ACTIVITY:
Reproduce the following data exactly, minus any images.

RECORDED DATA:
● ● ●

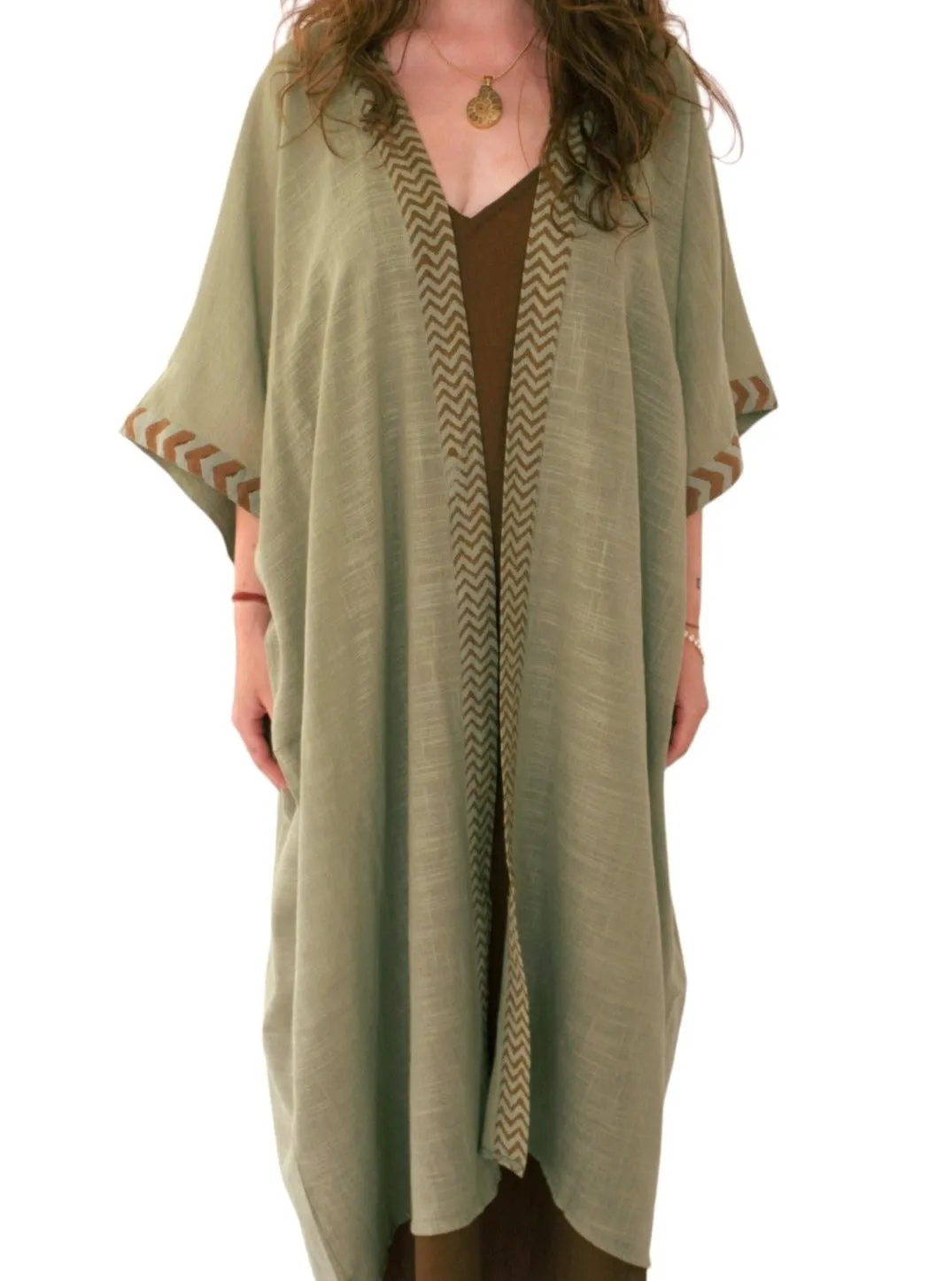 Raw Cotton Sage Green Kimono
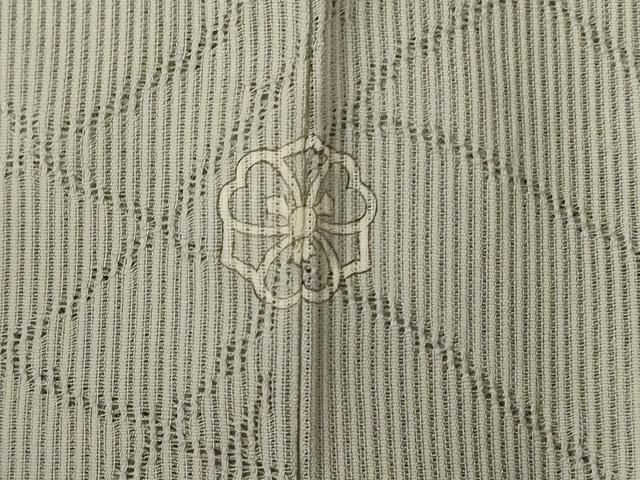 平和屋着物＊夏物 色無地 縦絽 芝紋紗 蕎麦切色 正絹 逸品 AAAV9302jd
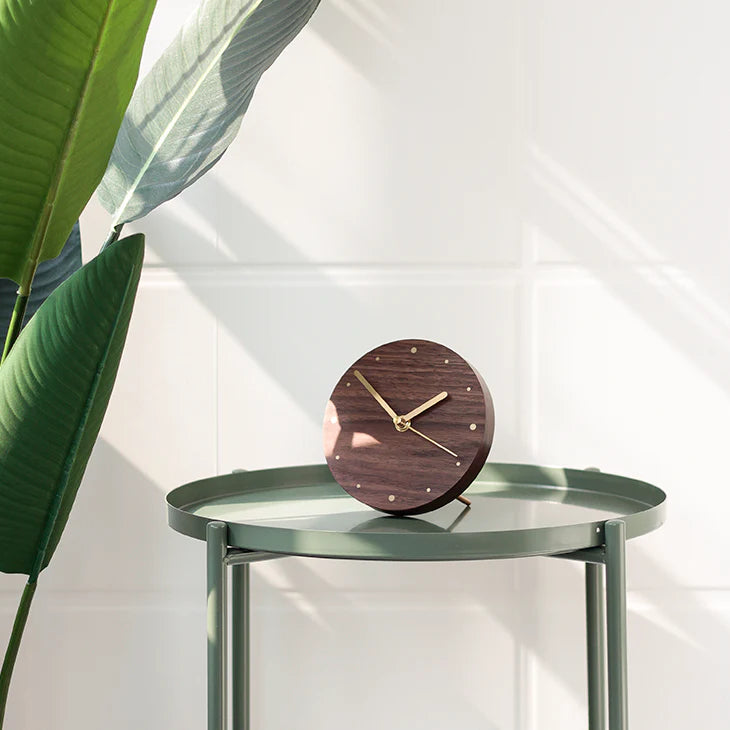 Walnut Desk Clock – Solid Wood, Silent Minimalist (11.5×11.5×4.5 cm)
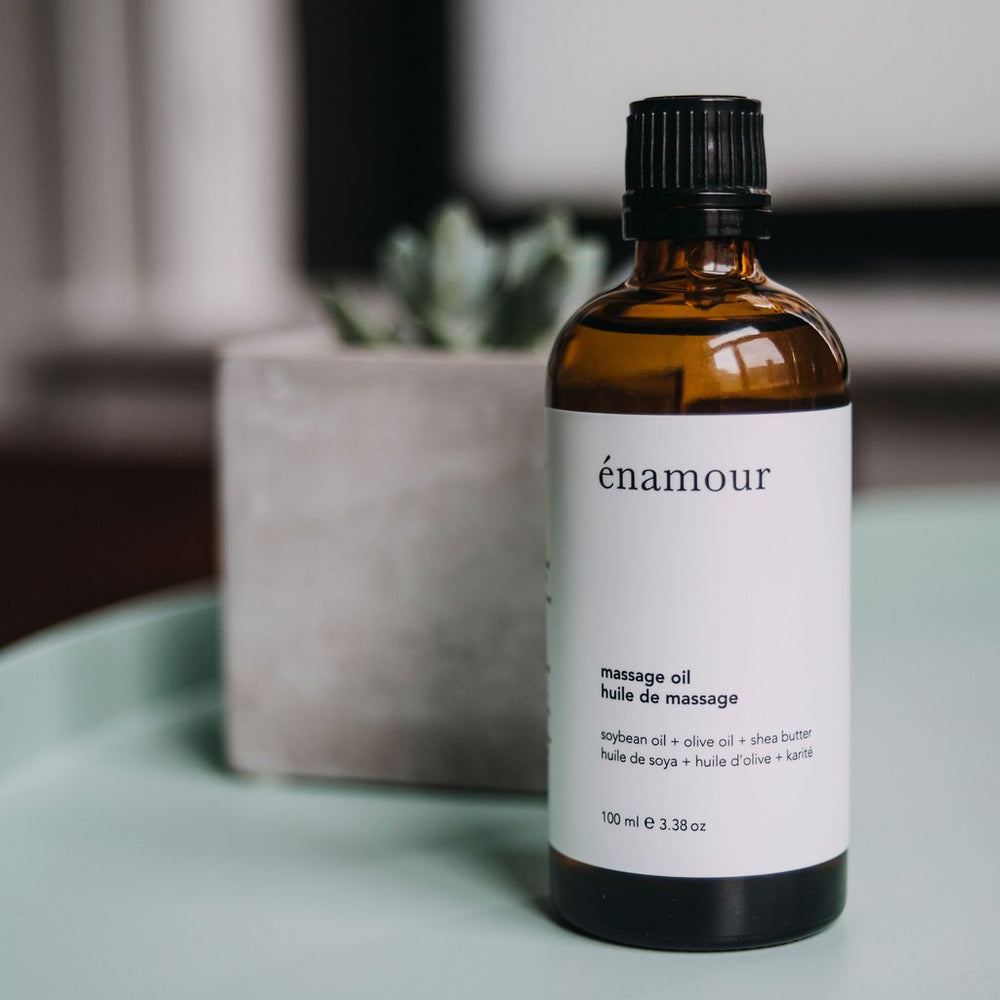 Enamour Montreal Canada massage oil, huile à massage baby bébé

● ● ●

YOUR RESPONSE:
 Raw Cotton Sage Green Kimono
 平和屋着物＊夏物 色無地 縦絽 芝紋紗 蕎麦切色 正絹 逸品 AAAV9302jd
 Walnut Desk Clock – Solid Wood, Silent Minimalist (11.5×11.5×4.5 cm)
 Enamour Montreal Canada massage oil, huile à massage baby bébé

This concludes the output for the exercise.